◆ **MATERIAL FOR THIS TASK**:

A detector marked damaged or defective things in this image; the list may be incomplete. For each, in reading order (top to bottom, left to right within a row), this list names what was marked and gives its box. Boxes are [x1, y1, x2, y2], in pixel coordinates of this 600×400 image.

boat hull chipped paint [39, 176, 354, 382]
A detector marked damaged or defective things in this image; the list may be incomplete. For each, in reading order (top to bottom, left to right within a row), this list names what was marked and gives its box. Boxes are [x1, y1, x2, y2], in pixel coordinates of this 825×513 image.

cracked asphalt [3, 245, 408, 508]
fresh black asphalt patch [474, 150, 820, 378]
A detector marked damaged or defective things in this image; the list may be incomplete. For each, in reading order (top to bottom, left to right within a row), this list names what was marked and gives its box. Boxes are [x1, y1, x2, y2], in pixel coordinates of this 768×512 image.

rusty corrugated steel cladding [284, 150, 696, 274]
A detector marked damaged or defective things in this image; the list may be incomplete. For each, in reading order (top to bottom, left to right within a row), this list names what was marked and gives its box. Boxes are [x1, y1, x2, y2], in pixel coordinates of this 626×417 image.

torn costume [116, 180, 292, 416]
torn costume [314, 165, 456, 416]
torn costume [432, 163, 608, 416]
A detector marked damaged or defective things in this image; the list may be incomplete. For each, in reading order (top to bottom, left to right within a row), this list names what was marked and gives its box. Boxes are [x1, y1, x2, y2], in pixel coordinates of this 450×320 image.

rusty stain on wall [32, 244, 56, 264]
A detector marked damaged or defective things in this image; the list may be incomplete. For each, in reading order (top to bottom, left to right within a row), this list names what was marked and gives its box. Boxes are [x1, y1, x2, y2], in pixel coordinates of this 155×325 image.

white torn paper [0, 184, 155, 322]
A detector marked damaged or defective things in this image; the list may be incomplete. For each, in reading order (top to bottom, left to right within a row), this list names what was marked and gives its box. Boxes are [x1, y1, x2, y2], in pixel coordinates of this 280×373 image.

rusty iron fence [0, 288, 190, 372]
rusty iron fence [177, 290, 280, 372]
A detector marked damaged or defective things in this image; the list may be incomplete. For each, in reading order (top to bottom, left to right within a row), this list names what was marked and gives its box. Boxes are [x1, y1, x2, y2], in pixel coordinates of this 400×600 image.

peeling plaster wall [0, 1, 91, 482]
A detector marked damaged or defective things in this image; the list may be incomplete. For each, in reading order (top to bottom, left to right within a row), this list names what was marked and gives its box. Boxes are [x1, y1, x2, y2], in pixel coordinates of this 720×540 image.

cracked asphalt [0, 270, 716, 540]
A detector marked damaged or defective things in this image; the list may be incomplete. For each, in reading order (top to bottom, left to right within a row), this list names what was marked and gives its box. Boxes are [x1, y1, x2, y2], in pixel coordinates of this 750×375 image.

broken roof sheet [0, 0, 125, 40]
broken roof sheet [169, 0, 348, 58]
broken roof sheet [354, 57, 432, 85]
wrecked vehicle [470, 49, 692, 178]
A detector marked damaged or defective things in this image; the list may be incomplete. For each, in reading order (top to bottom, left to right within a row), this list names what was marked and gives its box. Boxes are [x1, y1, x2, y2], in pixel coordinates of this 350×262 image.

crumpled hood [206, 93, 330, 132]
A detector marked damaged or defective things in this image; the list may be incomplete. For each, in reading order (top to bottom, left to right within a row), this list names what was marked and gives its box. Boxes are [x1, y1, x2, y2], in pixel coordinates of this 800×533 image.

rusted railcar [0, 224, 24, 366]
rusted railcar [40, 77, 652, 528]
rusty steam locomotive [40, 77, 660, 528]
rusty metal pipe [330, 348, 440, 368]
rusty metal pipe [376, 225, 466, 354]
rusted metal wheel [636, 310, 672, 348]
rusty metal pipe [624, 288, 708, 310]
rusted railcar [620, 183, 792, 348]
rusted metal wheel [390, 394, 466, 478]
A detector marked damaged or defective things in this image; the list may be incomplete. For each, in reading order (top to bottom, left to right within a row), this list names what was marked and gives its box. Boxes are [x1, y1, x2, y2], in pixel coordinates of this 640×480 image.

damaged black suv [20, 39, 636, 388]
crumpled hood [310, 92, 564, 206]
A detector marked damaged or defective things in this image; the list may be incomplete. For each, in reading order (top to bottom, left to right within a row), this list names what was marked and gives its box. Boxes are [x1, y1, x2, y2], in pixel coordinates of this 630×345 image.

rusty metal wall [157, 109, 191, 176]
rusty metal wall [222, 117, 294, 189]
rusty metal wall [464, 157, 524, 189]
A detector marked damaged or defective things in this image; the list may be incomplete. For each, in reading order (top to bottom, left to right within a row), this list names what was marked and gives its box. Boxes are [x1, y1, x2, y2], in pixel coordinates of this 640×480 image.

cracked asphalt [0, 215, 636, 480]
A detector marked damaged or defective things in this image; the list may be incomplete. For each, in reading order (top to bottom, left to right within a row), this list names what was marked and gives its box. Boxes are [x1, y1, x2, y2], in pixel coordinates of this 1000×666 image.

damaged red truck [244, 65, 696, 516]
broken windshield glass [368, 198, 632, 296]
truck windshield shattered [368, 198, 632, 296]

◆ **WORK ITEM**:
Please reproduce each entry exactly as it appears.

◆ **SOLVED PROBLEM**:
A detector marked damaged or defective things in this image; the list may be incomplete. For each, in reading order (top to bottom, left to right within a row), this list names what was marked and gives its box. Boxes are [x1, y1, x2, y2], in pixel coordinates of this 600×400 image.

boat hull chipped paint [39, 176, 354, 382]
A detector marked damaged or defective things in this image; the list may be incomplete. For each, in reading order (top to bottom, left to right within a row), this list names what was marked and gives its box. Boxes are [x1, y1, x2, y2], in pixel coordinates of this 825×513 image.

cracked asphalt [3, 245, 408, 508]
fresh black asphalt patch [474, 150, 820, 378]
A detector marked damaged or defective things in this image; the list may be incomplete. For each, in reading order (top to bottom, left to right within a row), this list names what was marked and gives its box. Boxes are [x1, y1, x2, y2], in pixel coordinates of this 768×512 image.

rusty corrugated steel cladding [284, 150, 696, 274]
A detector marked damaged or defective things in this image; the list may be incomplete. For each, in reading order (top to bottom, left to right within a row), this list names what was marked and gives its box. Boxes are [x1, y1, x2, y2], in pixel coordinates of this 626×417 image.

torn costume [116, 180, 292, 416]
torn costume [314, 165, 456, 416]
torn costume [432, 163, 608, 416]
A detector marked damaged or defective things in this image; the list may be incomplete. For each, in reading order (top to bottom, left to right within a row), this list names what was marked and gives its box. Boxes are [x1, y1, x2, y2], in pixel coordinates of this 450×320 image.

rusty stain on wall [32, 244, 56, 264]
A detector marked damaged or defective things in this image; the list may be incomplete. For each, in reading order (top to bottom, left to right within a row), this list names what was marked and gives its box. Boxes are [x1, y1, x2, y2], in pixel coordinates of this 155×325 image.

white torn paper [0, 184, 155, 322]
A detector marked damaged or defective things in this image; the list may be incomplete. For each, in reading order (top to bottom, left to right within a row), this list names what was marked and gives its box. Boxes are [x1, y1, x2, y2], in pixel coordinates of this 280×373 image.

rusty iron fence [0, 288, 190, 372]
rusty iron fence [177, 290, 280, 372]
A detector marked damaged or defective things in this image; the list may be incomplete. For each, in reading order (top to bottom, left to right within a row), this list names what was marked and gives its box. Boxes are [x1, y1, x2, y2], in pixel coordinates of this 400×600 image.

peeling plaster wall [0, 1, 91, 482]
A detector marked damaged or defective things in this image; the list may be incomplete. For each, in reading order (top to bottom, left to right within a row), this list names what was marked and gives its box. Boxes are [x1, y1, x2, y2], in pixel coordinates of this 720×540 image.

cracked asphalt [0, 270, 716, 540]
A detector marked damaged or defective things in this image; the list may be incomplete. For each, in reading order (top to bottom, left to right within a row), this list names what was marked and gives its box. Boxes are [x1, y1, x2, y2], in pixel coordinates of this 750×375 image.

broken roof sheet [0, 0, 125, 40]
broken roof sheet [169, 0, 348, 58]
broken roof sheet [354, 57, 432, 85]
wrecked vehicle [470, 49, 692, 178]
A detector marked damaged or defective things in this image; the list may be incomplete. For each, in reading order (top to bottom, left to right within a row), this list names what was marked and gives its box. Boxes are [x1, y1, x2, y2], in pixel coordinates of this 350×262 image.

crumpled hood [206, 93, 330, 132]
A detector marked damaged or defective things in this image; the list may be incomplete. For each, in reading order (top to bottom, left to right within a row), this list names what was marked and gives its box. Boxes are [x1, y1, x2, y2], in pixel coordinates of this 800×533 image.

rusted railcar [0, 224, 24, 366]
rusted railcar [40, 77, 652, 528]
rusty steam locomotive [40, 77, 660, 528]
rusty metal pipe [330, 348, 440, 368]
rusty metal pipe [376, 225, 466, 354]
rusted metal wheel [636, 310, 672, 348]
rusty metal pipe [624, 288, 708, 310]
rusted railcar [620, 183, 792, 348]
rusted metal wheel [390, 394, 466, 478]
A detector marked damaged or defective things in this image; the list may be incomplete. For each, in reading order (top to bottom, left to right within a row), this list names what was marked and gives its box. Boxes are [x1, y1, x2, y2], in pixel coordinates of this 640×480 image.

damaged black suv [20, 39, 636, 388]
crumpled hood [310, 92, 564, 206]
A detector marked damaged or defective things in this image; the list may be incomplete. For each, in reading order (top to bottom, left to right within a row), this list names what was marked and gives its box. Boxes are [x1, y1, x2, y2], in pixel coordinates of this 630×345 image.

rusty metal wall [157, 109, 191, 176]
rusty metal wall [222, 117, 294, 189]
rusty metal wall [464, 157, 524, 189]
A detector marked damaged or defective things in this image; the list may be incomplete. For each, in reading order (top to bottom, left to right within a row), this list names what was marked and gives its box. Boxes are [x1, y1, x2, y2], in pixel coordinates of this 640×480 image.

cracked asphalt [0, 215, 636, 480]
A detector marked damaged or defective things in this image; the list may be incomplete. For each, in reading order (top to bottom, left to right within a row), this list names what was marked and gives its box. Boxes are [x1, y1, x2, y2], in pixel coordinates of this 1000×666 image.

damaged red truck [244, 65, 696, 516]
broken windshield glass [368, 198, 632, 296]
truck windshield shattered [368, 198, 632, 296]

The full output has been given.